A sustentabilidade ecológica
Já o paradigma da sustentabilidade ecológica surgiu a partir de um crescente interesse nas abordagens ecológicas do design na década de 1990 (MANG e REED, 2012). Ela está fundamentada na premissa de que “as atuais ameaças para a sustentabilidade são problemas complexos que dependem da transformação dos seres humanos e suas atividades para uma relação harmoniosa e mutuamente benéfica com a teia da vida e, assim, restaurar a capacidade regenerativa inerente dos sistemas vivos naturais e sociais” (BENNE e MANG, 2015, p. 45).
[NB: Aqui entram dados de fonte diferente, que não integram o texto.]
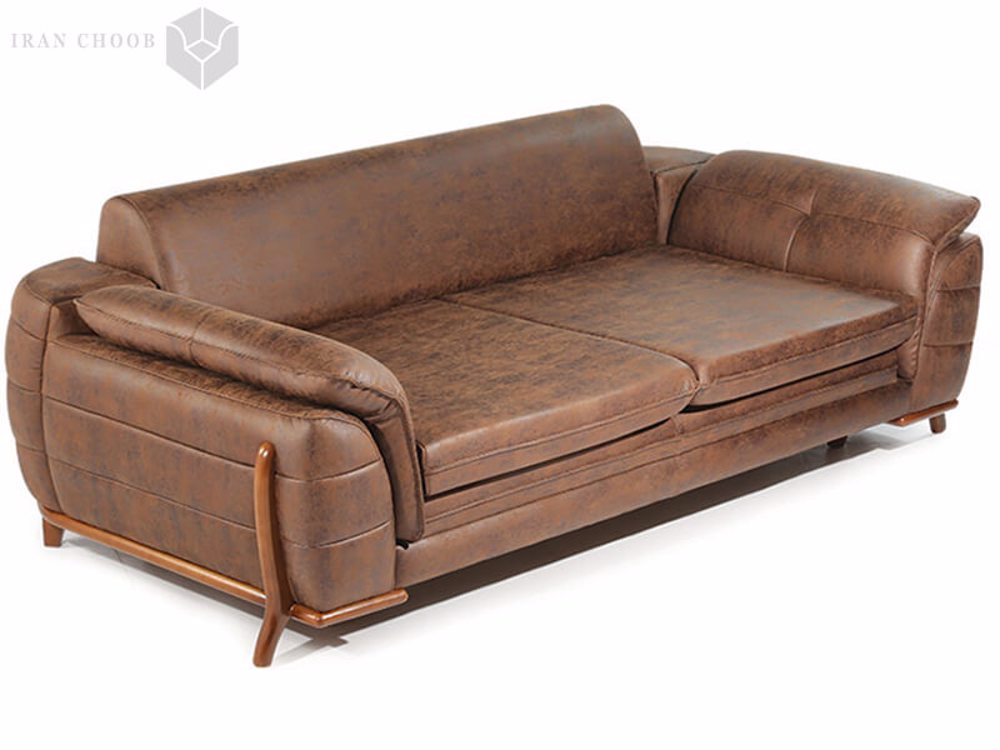 مبل راحتی کارن  3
A partir deste paradigma, a sustentabilidade é definida como a capacidade de um sistema vivo, em um ambiente de contínua mudança, manter seu propósito e integridade em uma relação recíproca com o sistema maior em que está aninhado. A sustentabilidade é uma propriedade emergente que surge da interação das soluções sociais, econômicas e ecológicas (DU PLESSIS, 2012 apud BENNE e MANG, 2015).
As estratégias para se projetar a partir da abordagem ecológica, ou regenerativa, buscam criar condições que possibilitem toda a vida em um lugar, incluindo os humanos, prosperar e evoluir através do tempo. As soluções regenerativas são específicas a um dado lugar e requerem um profundo entendimento das interdependências dos sistemas socioecológicos locais. Os humanos são vistos como parceiros cocriadores e participantes na evolução da natureza (BENNE e MANG, 2015).
Referências
BENNE, B.; MANG, P. Working regeneratively across scales—insights from nature. Journal of Cleaner Production, p. 42-52, 2015.
CAPRA, F.; LUISI, P. L. The Systems View of Life: A Unifying Vision. Cambridge University Press, 2014.
MANG, P.; REED, B. Regenerative Development and Design. Encyclopedia Sustainability Science & Technology, p. 1–44, 2012.
MEADOWS, D. Leverage Points: Places to Intervene in a System. Whole Earth, 1997.